# RECORDS TO USE
☆ ☆ ☆
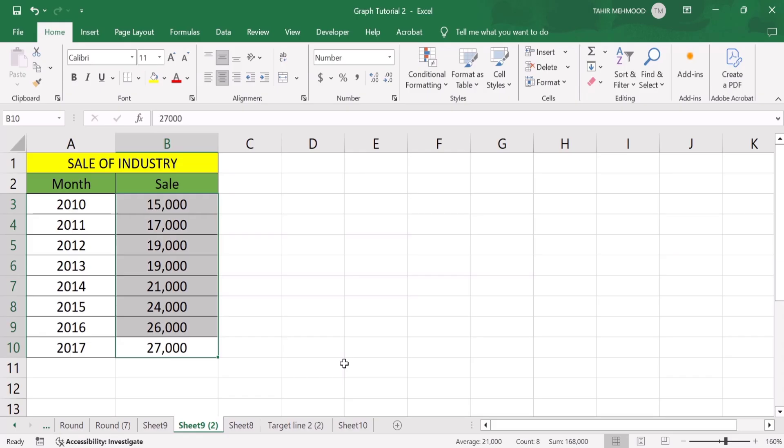Now you can see the currency symbol is removed. By following this video you can easily add, remove, or change the currency symbol in Microsoft Excel. That's the end of this video — thanks for watching, goodbye.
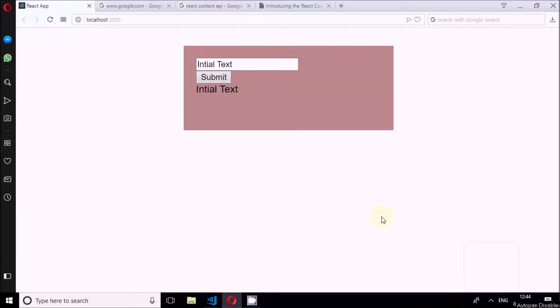Welcome to Tech City. This is part 8 of React for Beginners. In this part 8 we will discuss about the Context API.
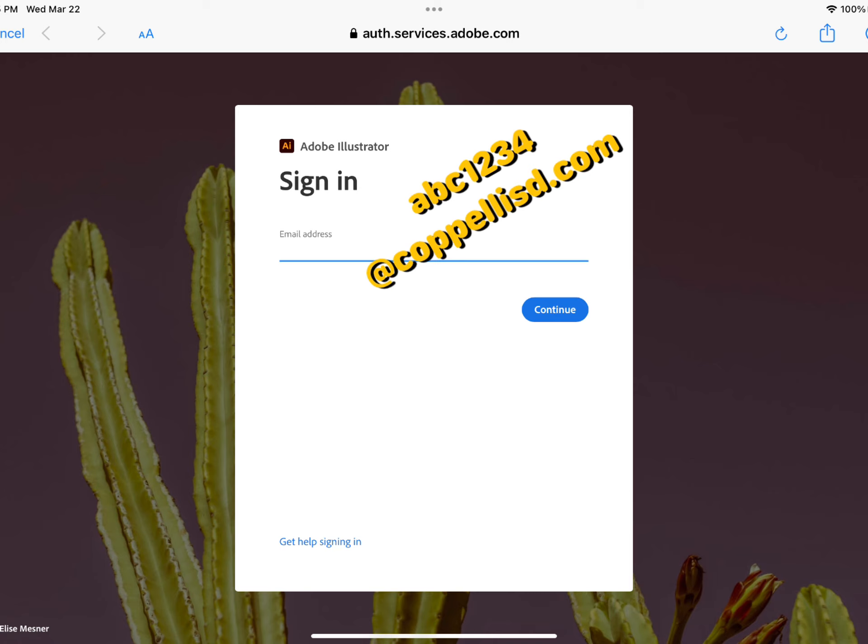Notice there is no G-dot before capellisd.com. It's just your three initials and the last four of your student ID at capellisd.com.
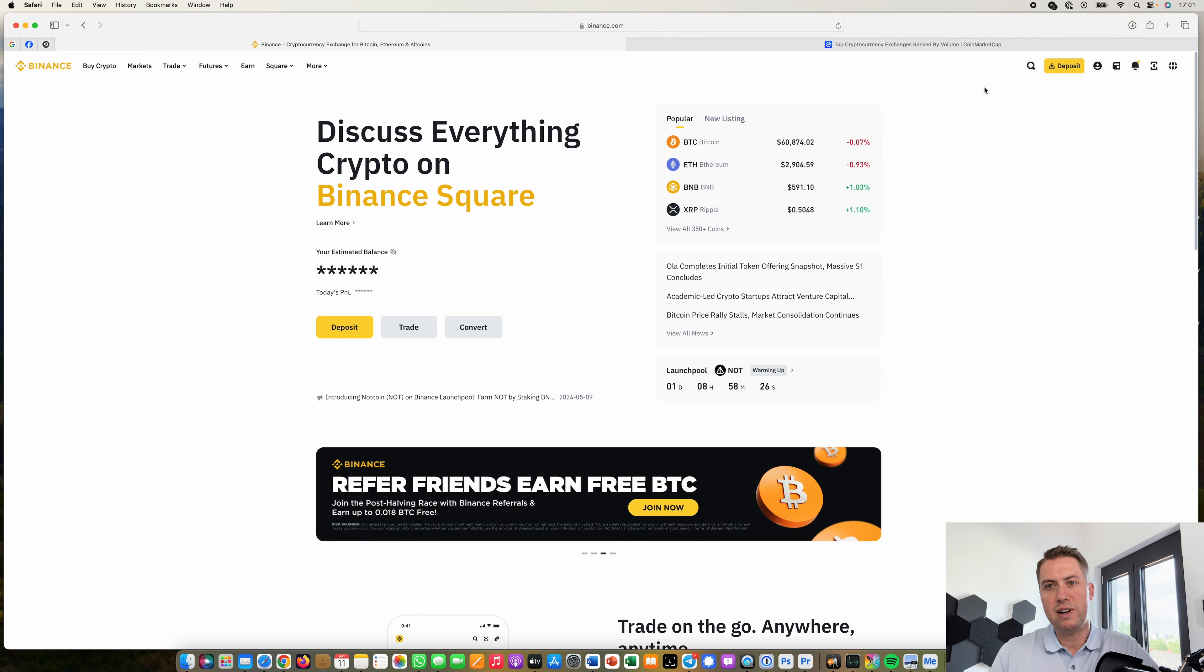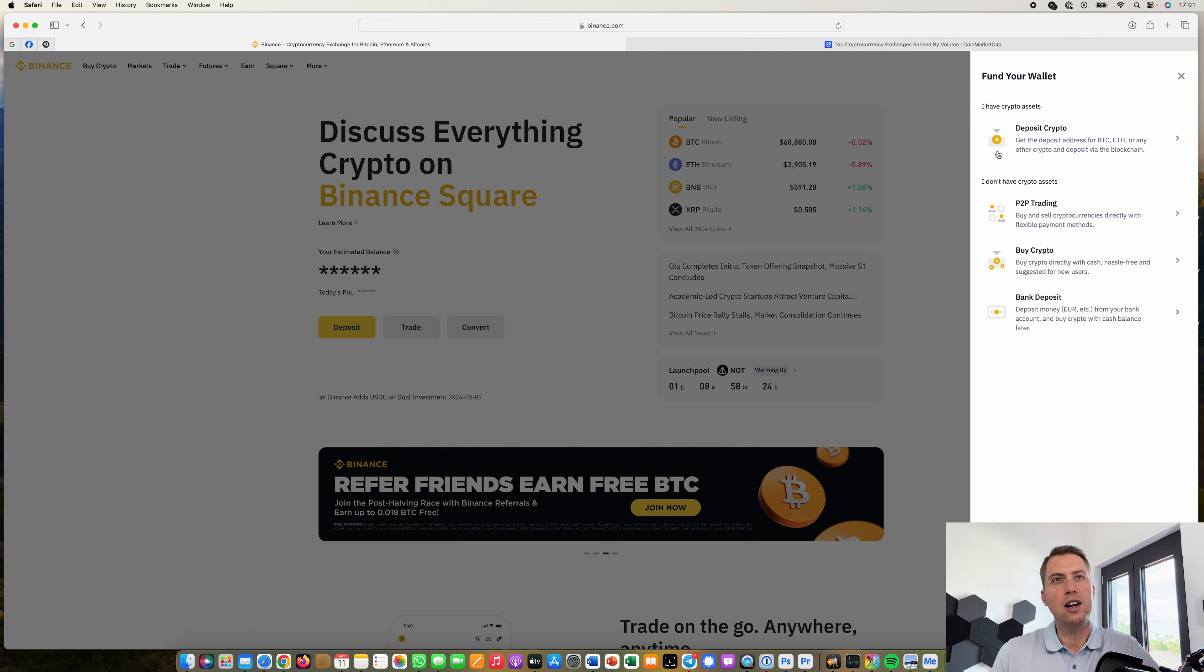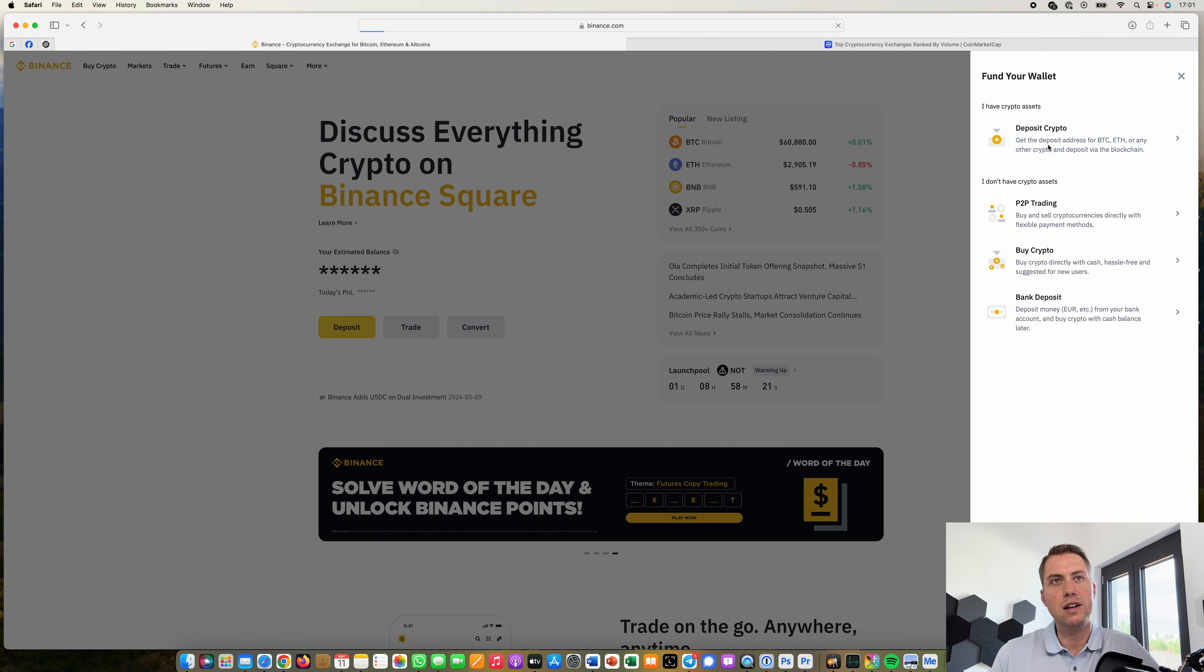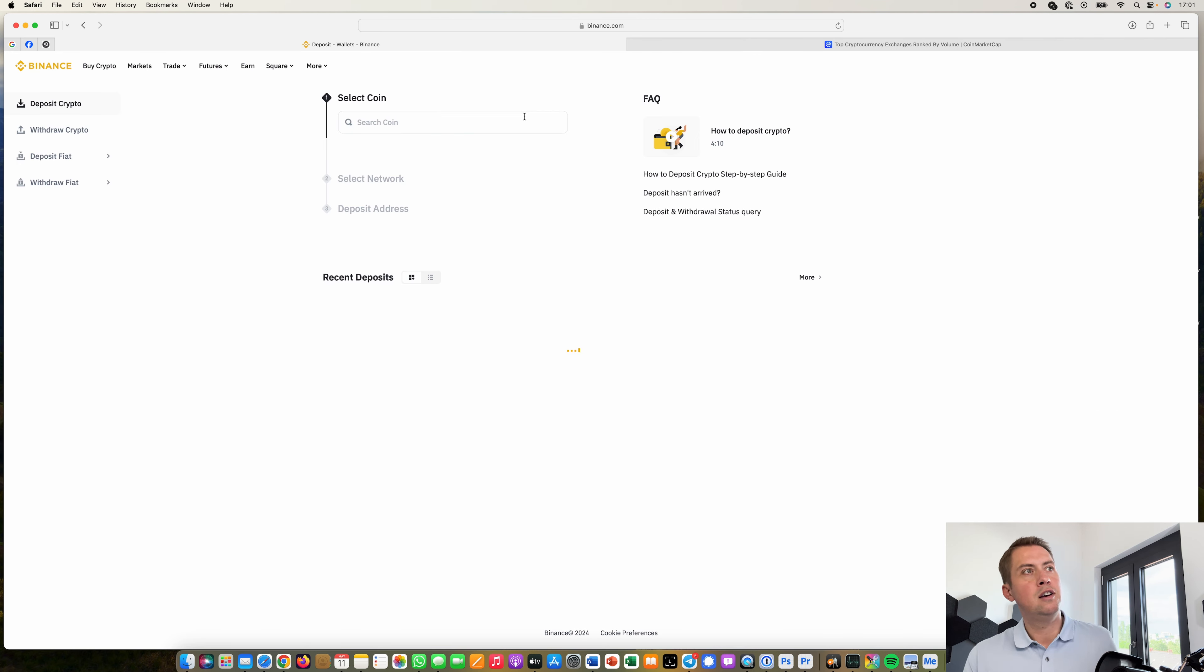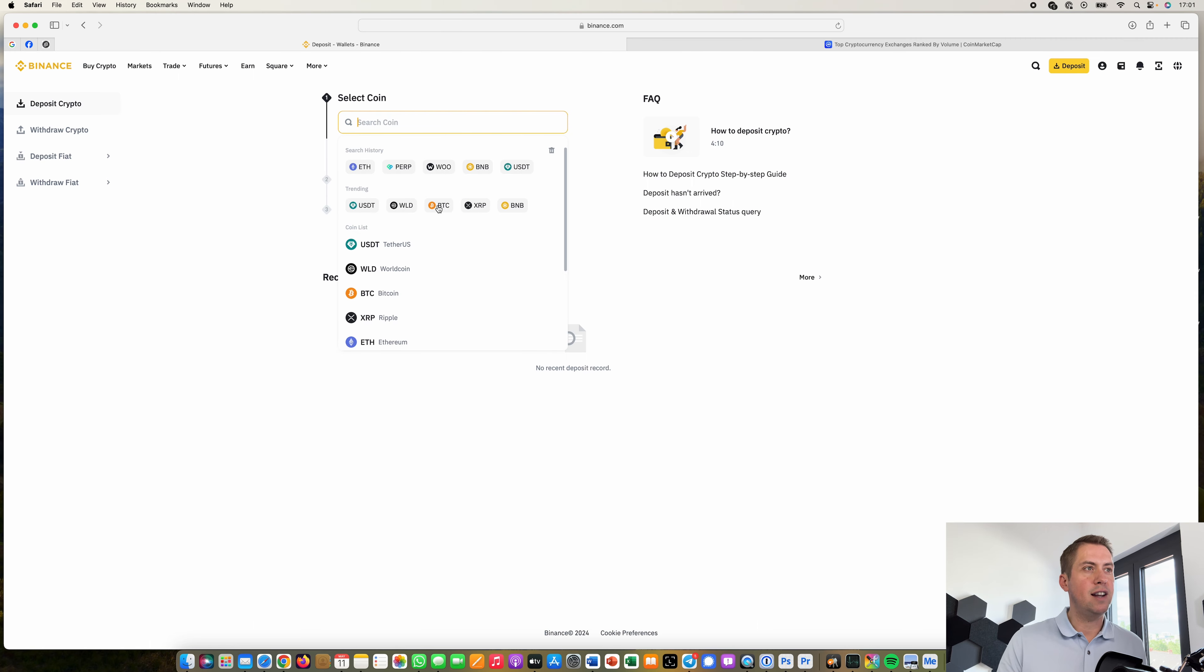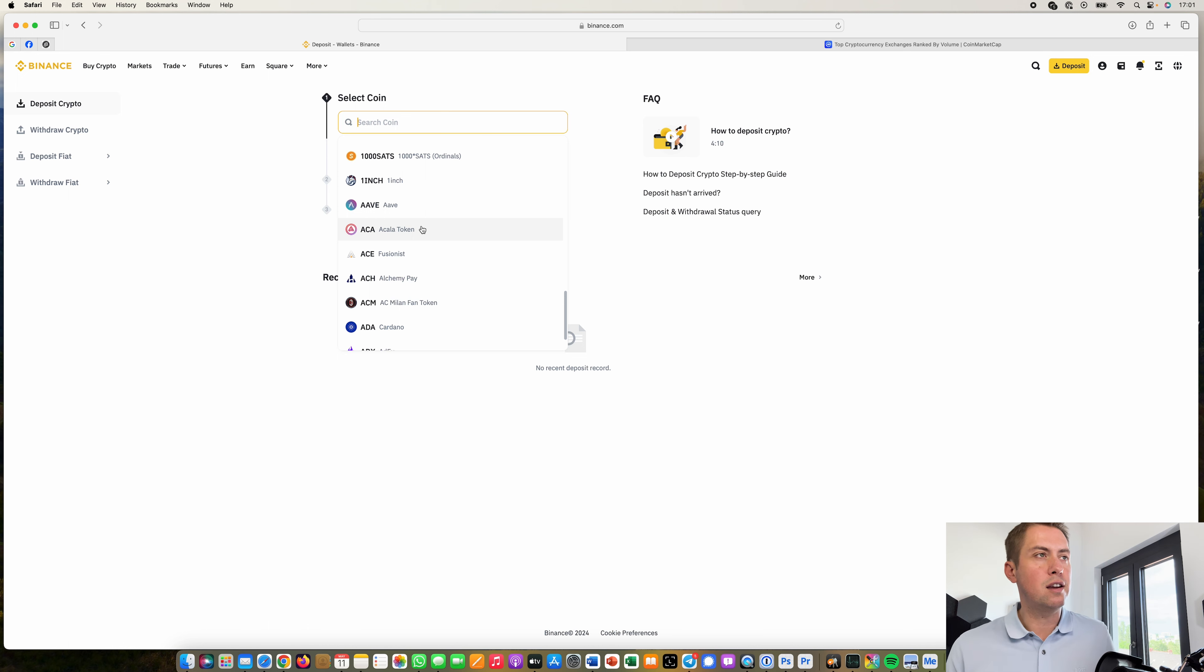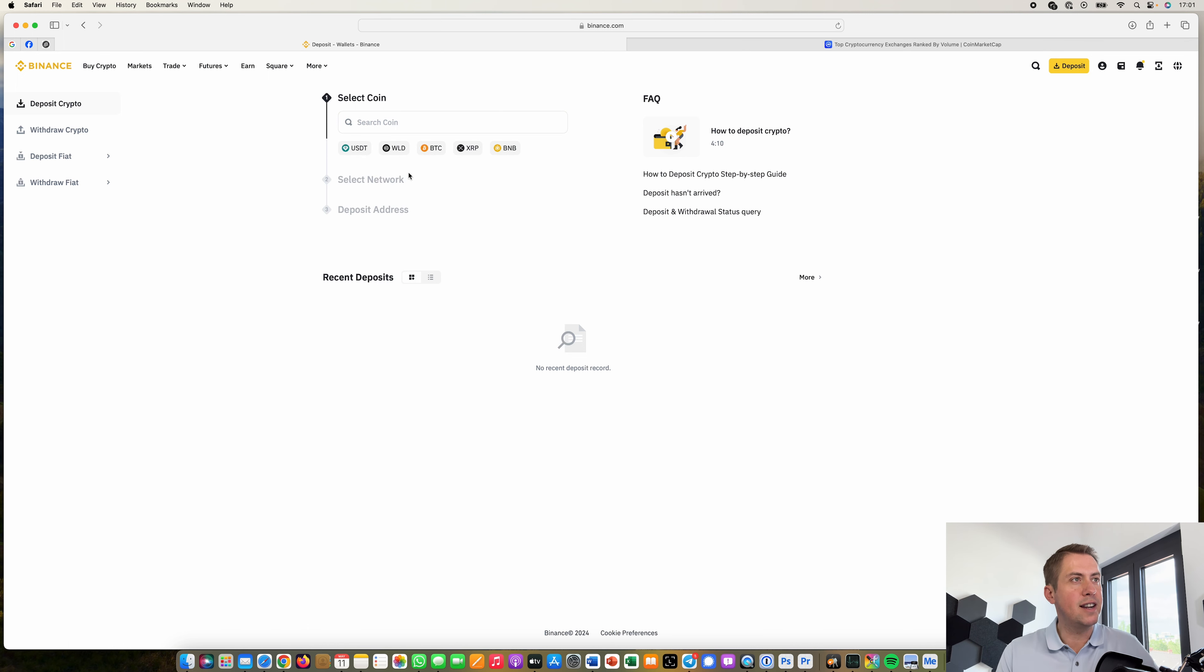Once you have done that you can actually click on deposit here and then you have two options you can either deposit a cryptocurrency which is pretty straightforward you just select the cryptocurrency and then they show you an address where you can send the cryptocurrency to and that's basically free so you can test it out with a small amount.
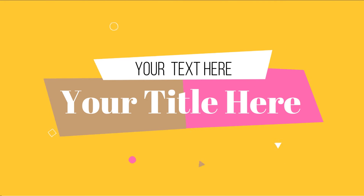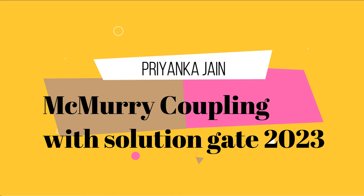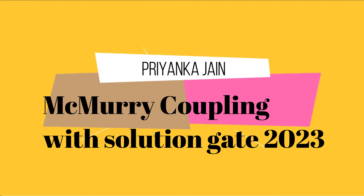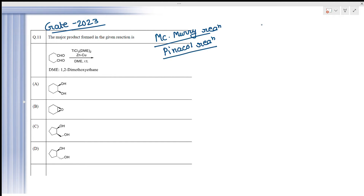Welcome to chemistry class. In today's lecture we are studying a question from GATE 2023's question paper, question number 11. We have given a dialdehyde treated with TiCl3·DME2, then Zn/Cu, and then DME at room temperature, and we have to find the product. This is an example of McMurry coupling reaction, or we can also call it the pinacol reaction. We will study McMurry reaction and pinacol reaction in today's lecture.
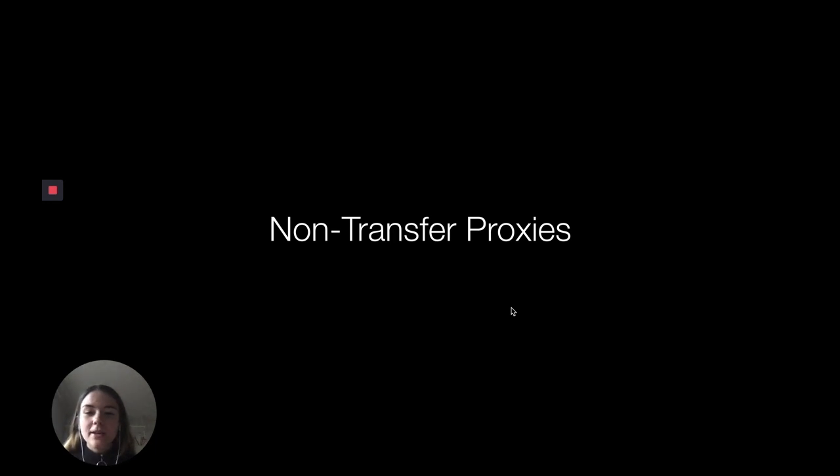Hey everyone, my name is Kirsten. I'm a technical educator intern here at Web3 Foundation, and today we're going to be talking about non-transfer proxies.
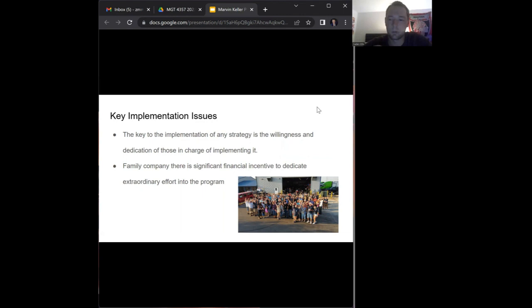For Marvin Keller to implement these decisions, it needs to start at the top and work its way down. It's a family company, so they have a lot of incentive to dedicate extraordinary effort into their programs.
☆ ☆ ☆
# ASSIGNED TASK
Leave out the pictures. Return exactly the lines from the first line of the records to the line bearing "Welcome to chemistry", inclusive.

# SOLUTION FOR THIS EXERCISE
Now you can see the currency symbol is removed. By following this video you can easily add, remove, or change the currency symbol in Microsoft Excel. That's the end of this video — thanks for watching, goodbye.
Welcome to Tech City. This is part 8 of React for Beginners. In this part 8 we will discuss about the Context API.
Notice there is no G-dot before capellisd.com. It's just your three initials and the last four of your student ID at capellisd.com.
Once you have done that you can actually click on deposit here and then you have two options you can either deposit a cryptocurrency which is pretty straightforward you just select the cryptocurrency and then they show you an address where you can send the cryptocurrency to and that's basically free so you can test it out with a small amount.
Welcome to chemistry class. In today's lecture we are studying a question from GATE 2023's question paper, question number 11. We have given a dialdehyde treated with TiCl3·DME2, then Zn/Cu, and then DME at room temperature, and we have to find the product. This is an example of McMurry coupling reaction, or we can also call it the pinacol reaction. We will study McMurry reaction and pinacol reaction in today's lecture.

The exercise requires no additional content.